Employment Agreement
On October 4, 2006, the Company and Robert C. Rhodes entered into a new management agreement for Mr. Rhodes to continue as the Chairman, Chief Executive Officer and Chief Financial Officer of the Company for an additional term of three years, effective August 1, 2006. Mr. Rhodes’ annual salary is $200,000. In addition, in exchange for forgiving a currently payable and outstanding $100,000 bonus due under Mr. Rhode’s previous employment contract with the Company, Mr. Rhodes will receive 100,000,000 shares of the Company’s restricted common stock.
Section 5 - Corporate Governance and Management
Item 5.02 Departure of Directors or Principal Officers; Election of Directors; Appointment of
Principal Officers.
On September 18, 2006, Mr. John B. Dewberry, one of our Directors, passed away.

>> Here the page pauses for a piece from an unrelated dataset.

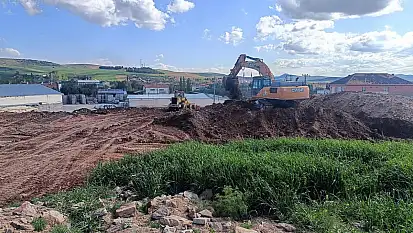 Kayseri'de 12 temel atıldı, sayı 20'ye çıkabilir! Bakın ne yapılıyor?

On October 4, 2006, our Board of Directors appointed and duly elected Mr. Eddie R. Tipton, as a Director of our Company.
Eddie R. Tipton
Mr. Eddie R. Tipton is one of our Directors. Mr. Tipton currently serves as Senior Security Consultant for the Multi-State Lottery Association (“MUSL”). Mr. Tiptons' responsibilities include evaluating and providing direction on the security infrastructures within current and future member operations. He additionally provides application design and support services for MUSL-sponsored projects. Prior to joining MUSL, Mr. Tipton was the Executive Vice President and a Partner at Systems Evolution Incorporated where he was responsible for LAN Management Security and Outsourcing, Network Operations, and Hosting. He brings 20 years of design, development, security, and general IT experience with him. Mr. Tipton is a certified developer and instructor on multiple technologies and received his bachelor's degree in Management Information Systems and Finance from the University of Houston.
Section 8 - Other Events
Item 8.01 Other Events
Debt Conversion
During 2004 and 2005, the Company issued a total of $3,325,000 in convertible promissory notes pursuant to several rounds of private placements. As of September 31, 2006, $818,105.12 of these convertible promissory notes was converted into the Company’s common stock. A more detailed description of the issuances of these convertible promissory notes can be found in the Company’s Form 10-KSB for the period ending March 31, 2006 at www.sec.gov.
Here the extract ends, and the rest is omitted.